Rachel Dove email@example.com
February 12, 2014
By Rachel Dove
WILLIAMSON - Teresa Maynard, who was appointed to fill the seat left vacant after the resignation of former Prosecutor C. Michael Sparks, is the first female prosecuting attorney of Mingo County and is currently seeking election to that same position.
Maynard, a lifelong resident of Mingo County, graduated from Tug Valley High School in 1988. She attended West Virginia University, where she double-majored in political science and sociology. After graduating summa cum laude in 1992, the interim prosecutor entered the West Virginia University College of Law and earned her law degree in 1995.
After a decade of private practice, Maynard accepted a position as an assistant prosecuting attorney.
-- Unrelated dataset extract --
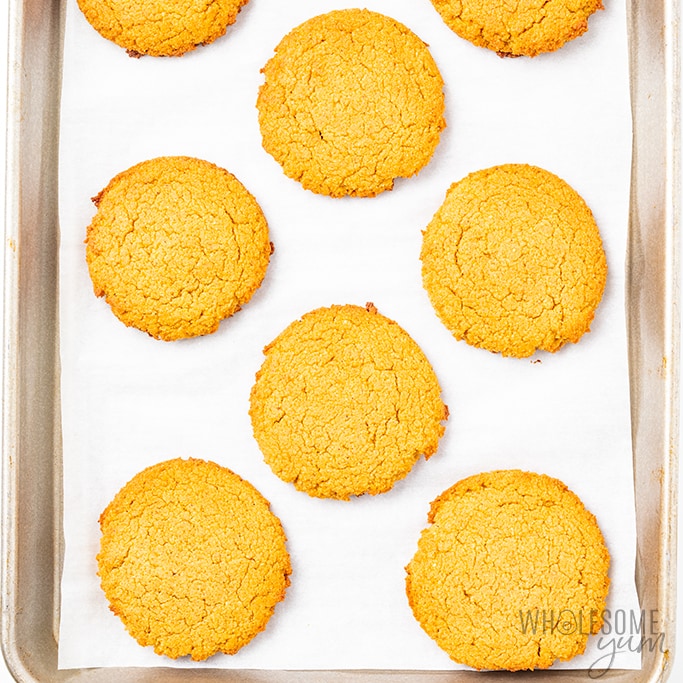 soft pumpkin cookies out of the oven on sheet pan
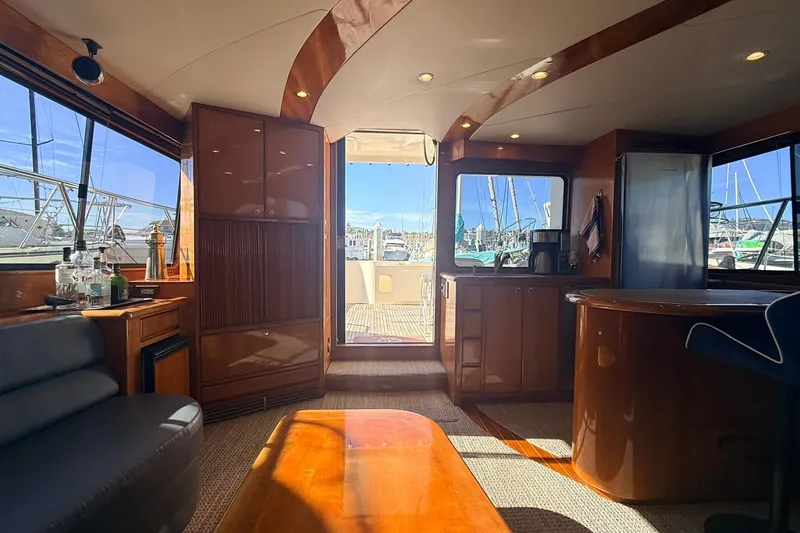 Slide: The Image of Luxurious interior of a 2003 Mikelson 50 yacht with elegant wood finishes and marina view. - 5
She was elevated to the position of prosecuting attorney last October and has served the citizens of Mingo County faithfully since her appointment.
During her time in the prosecutor’s office, Maynard said she feels she has demonstrated a passion for the prosecution of crimes against children. In addition to a general increase in the prosecution of crimes involving child victims, she was instrumental in the restructuring of the Mingo County Investigative Multidisciplinary Team, an active group of professionals dedicated to the eradication of child abuse and neglect, she said.
Maynard said she recognizes that most incidents of child abuse and neglect occur as a result of substance abuse. Therefore, she said, she is working with law enforcement to combat the drug epidemic in our county. She said she is not a politician and may not be well known to many members of the local community. She said she has been working diligently for almost a decade, seeking justice for those who would otherwise have no voice.
Maynard lives in Naugatuck with her husband, Joe, and son, Evan, who is a student at Lenore K-8. The candidate is the daughter of Gary and Sue Hall of Lenore, and the daughter-in-law of Argil and Gail Maynard of Dan’s Branch.
“I grew up watching my parents devote many hours to community improvement. When I was small, I would often ask why,’” said Maynard. “The answer was always the same … every generation has an obligation to make the world a better place for the next. Now that I’m older, I see other individuals picking up where my parents left off … building on the progress made by my parents and other members of their generation.
“It’s all about building blocks,” she said.
“In the last few months, the blocks that formed our judicial system have collapsed, and it will take dedicated and passionate individuals to dig the foundation on which we will rebuild that system,” she said. “I have that passion. I have that dedication. Rebuilding will not be easy, but I am confident that I am up to that challenge.”